Michael Connery of Future Majority and Youth To Power has been doing some slick posts over at Talking Points Memo‘s TPM Cafe:

Obama may not have clinched the nomination last night, but he continues to ride a wave of youth support. Last night young voters in Ohio chose him 61 to 35 percent over Sen. Clinton. In Texas, he won the youth vote 58 – 42 percent. The youth vote is up in every contest thus far – sometimes double, triple, and even quadruple the levels we saw in 2004.

He uses this as a launching pad to dissect the recent history of youth organizing (in a political sense).

On the whole, the organizations of the first stage of the [dot] Org Boom, as disparate as they were, had two things in common: they worked hard to push the idea that peer to peer organizing was the gold standard for reaching young voters; and they understood that culture was an ally and culturally relevant programming was the key to reaching previously apathetic/disenfranchised young people.

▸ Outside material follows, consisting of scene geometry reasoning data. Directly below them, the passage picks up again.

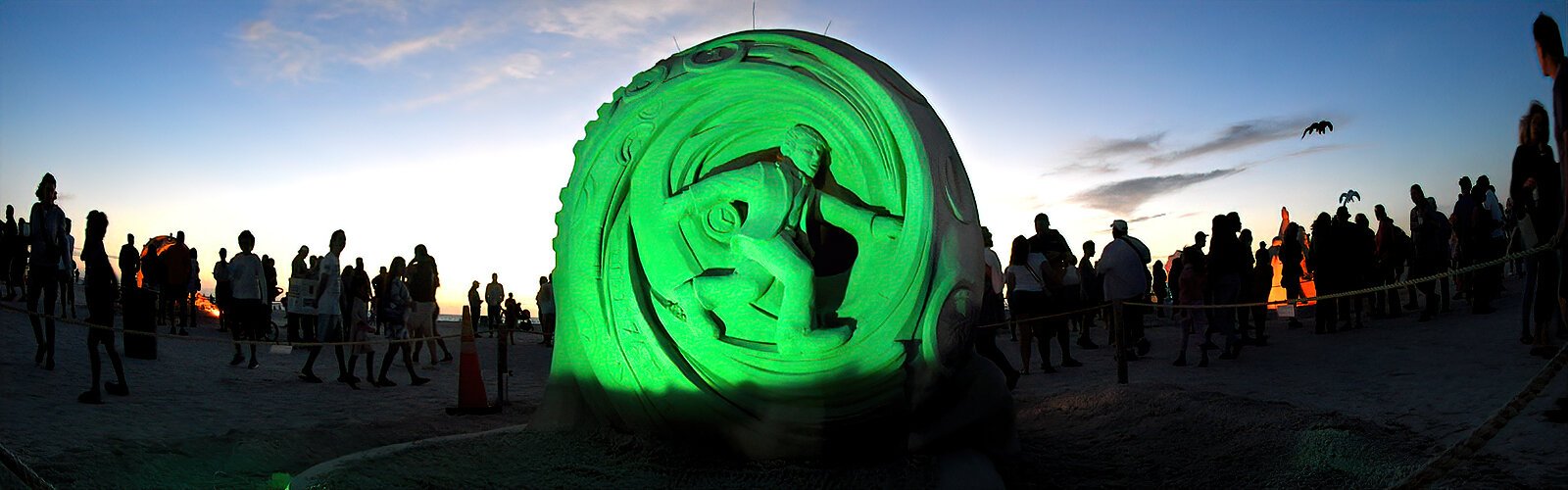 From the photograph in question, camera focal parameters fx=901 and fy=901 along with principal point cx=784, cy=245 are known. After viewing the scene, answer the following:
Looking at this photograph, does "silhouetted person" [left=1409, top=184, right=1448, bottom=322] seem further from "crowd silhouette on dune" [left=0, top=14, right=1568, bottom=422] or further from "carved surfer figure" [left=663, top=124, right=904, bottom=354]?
"carved surfer figure" [left=663, top=124, right=904, bottom=354]

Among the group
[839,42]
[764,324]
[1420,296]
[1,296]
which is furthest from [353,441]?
[1420,296]

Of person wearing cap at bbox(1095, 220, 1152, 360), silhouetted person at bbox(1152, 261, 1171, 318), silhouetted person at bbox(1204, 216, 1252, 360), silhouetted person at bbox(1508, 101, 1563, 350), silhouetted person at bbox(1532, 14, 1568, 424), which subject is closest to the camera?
silhouetted person at bbox(1532, 14, 1568, 424)

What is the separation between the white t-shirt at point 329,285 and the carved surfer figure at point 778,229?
18.1 feet

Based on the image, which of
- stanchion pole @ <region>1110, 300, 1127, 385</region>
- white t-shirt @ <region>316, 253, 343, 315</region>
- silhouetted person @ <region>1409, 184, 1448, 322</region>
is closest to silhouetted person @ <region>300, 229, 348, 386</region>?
white t-shirt @ <region>316, 253, 343, 315</region>

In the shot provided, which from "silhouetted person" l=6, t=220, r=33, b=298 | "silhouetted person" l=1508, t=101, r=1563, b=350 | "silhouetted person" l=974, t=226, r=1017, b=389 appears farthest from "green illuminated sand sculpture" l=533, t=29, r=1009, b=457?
"silhouetted person" l=6, t=220, r=33, b=298

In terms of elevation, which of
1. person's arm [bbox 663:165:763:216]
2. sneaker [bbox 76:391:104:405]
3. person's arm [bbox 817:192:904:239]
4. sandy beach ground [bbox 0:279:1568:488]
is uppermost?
person's arm [bbox 663:165:763:216]

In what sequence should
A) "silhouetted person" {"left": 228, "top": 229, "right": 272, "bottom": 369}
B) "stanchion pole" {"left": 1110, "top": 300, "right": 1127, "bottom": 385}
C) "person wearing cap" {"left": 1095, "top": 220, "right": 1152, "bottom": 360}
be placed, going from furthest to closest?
"silhouetted person" {"left": 228, "top": 229, "right": 272, "bottom": 369}
"person wearing cap" {"left": 1095, "top": 220, "right": 1152, "bottom": 360}
"stanchion pole" {"left": 1110, "top": 300, "right": 1127, "bottom": 385}

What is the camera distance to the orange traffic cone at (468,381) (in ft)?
26.1

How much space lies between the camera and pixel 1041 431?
21.3 feet

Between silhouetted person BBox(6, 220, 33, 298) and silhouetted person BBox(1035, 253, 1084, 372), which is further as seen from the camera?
silhouetted person BBox(6, 220, 33, 298)

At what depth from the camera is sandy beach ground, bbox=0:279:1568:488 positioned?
4.73 meters

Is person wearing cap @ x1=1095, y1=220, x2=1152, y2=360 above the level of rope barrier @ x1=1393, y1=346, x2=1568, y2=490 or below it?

This is a big theme I’m seeing this year… and in a lot of ways its the kind of “well, DUH!” common sense that the political machines often lack. Recent reports from CIRCLE are showing that there’s a voting gap between young people in college and those who are out of school. At its heart its a social thing: if the people around you believe politics matter you are more likely to do the same.

Sometimes its just a simple matter of wanting to be in on the joke. How many people other there–young and old alike– get their news from John Stewart and Steven Colbert? How many work at staying up on the race just so they can keep up with the humor? [Ed. note: I know that’s how I started being interested in politics. I was 8 when I started watching Saturday Night Live.] That’s the social fabric coming into play… and if politics isn’t part of your culture, then you are far less likely to show up at the polls on election day.

Connery also breaks down the rise of the Millenials and the “Conservative Youth Factory” at Table for One this week.